Nous ne pousserons pas plus loin cet examen des collaborateurs de notre poëte. Seulement nous ferons remarquer que tous s'efforçaient d'imiter le maître, et que ceux-là réussissaient le mieux qui, comme Fraigne, Boulainvilliers et Jean Caillau, en approchaient le plus. Il nous reste maintenant à parler de quelques pièces comprises dans le recueil, et dont les auteurs sont inconnus.
L'attribution des poésies qui portent au titre un nom d'auteur doit être mise, par cela même, hors de toute controverse. Les poésies non signées peuvent se diviser en deux catégories: les unes, et c'est l'immense majorité, appartiennent à Charles d'Orléans; les autres, et c'est l'exception, appartiennent à ses collaborateurs; il suffira d'indiquer ces dernières.

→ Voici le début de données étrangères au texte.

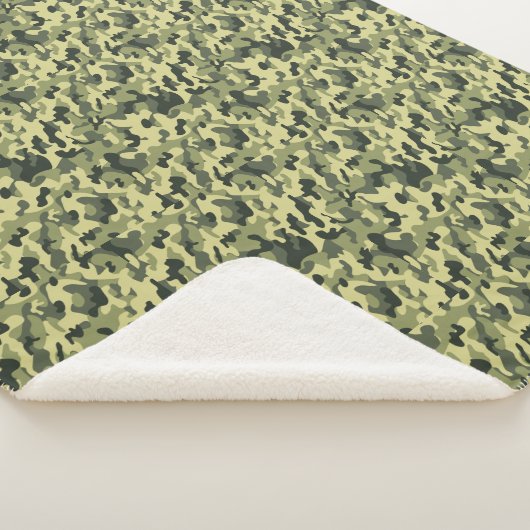 Couverture Sherpa Camo (3/4)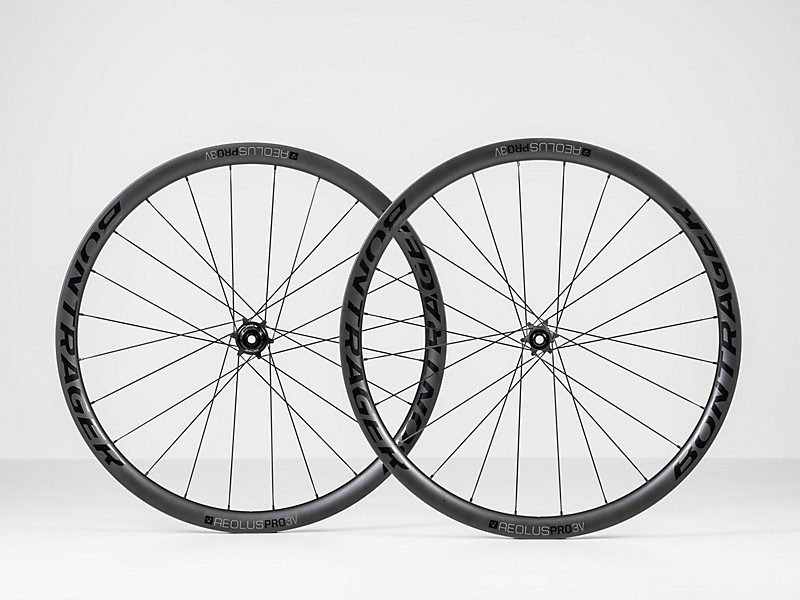 Bontrager Aeolus Pro 3V TLR Disc Road Wheel | Trek Bikes (JP)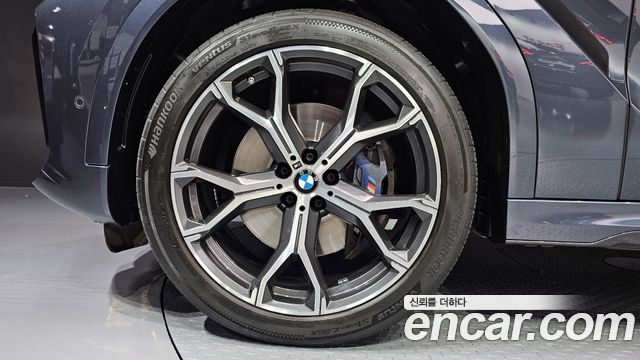 BMW X6 (G06) xDrive30d M Sport 2022 — фото 5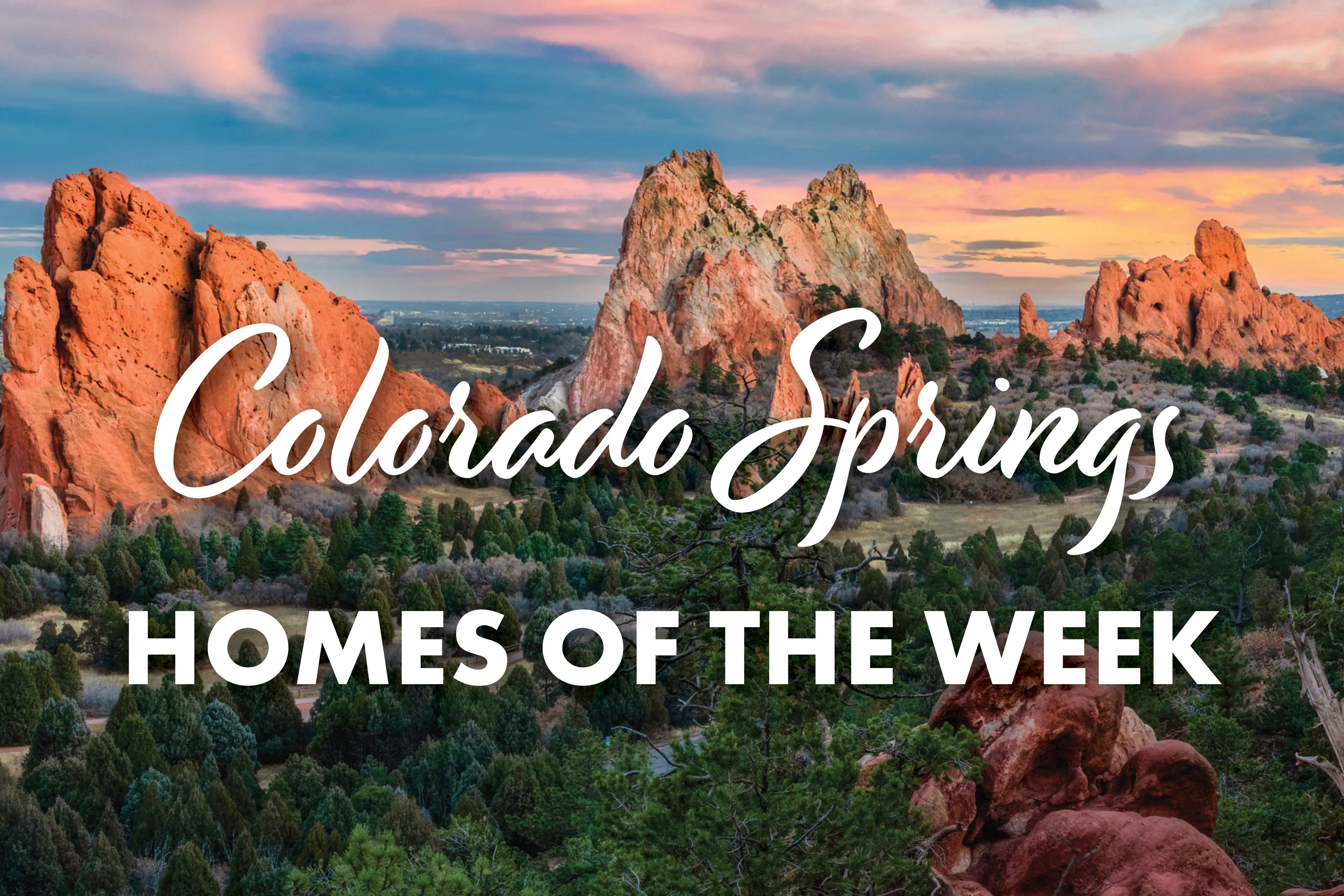 Southern Colorado homes of the week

Onze ballades commencent par le vers: Je meurs de soif auprès de la fontaine; cinq de ces ballades ne sont pas signées53. Les poëtes du château de Blois, et ceci en offre un exemple, choisissaient ordinairement une pièce de vers qui servait de thème commun; or, il est peu probable que Charles d'Orléans ait composé pour sa part les cinq ballades non signées. Quelles sont celle ou celles qui lui appartiennent? Nous nous bornerons ici à consigner notre doute, car dans ces concours poétiques l'originalité de l'auteur disparaît, pour ainsi dire, derrière la rigueur de programme.
La ballade de la page 166 (Du regime quod dedistis) n'est certainement pas de Charles d'Orléans, car elle sert de réponse à la précédente (Bon régime sanitatis), qui est signée par lui. Nous avons vu plus haut Charles d'Orléans et Fredet échanger deux rondels à propos du mariage de ce dernier; or, je serais tout disposé à voir dans les deux ballades une continuation de la même polémique; d'autant plus que cette réponse non signée est tout à fait dans la manière de Fredet, et j'ajouterai même qu'elle ressortait de la situation. On pourra m'objecter que Fredet n'était pas prince, et que le mot se trouve dans l'envoi de la ballade de Charles d'Orléans; mais nous ferons remarquer que Villon appelait prince son ami Garnier54; ce sont fictions de poëte.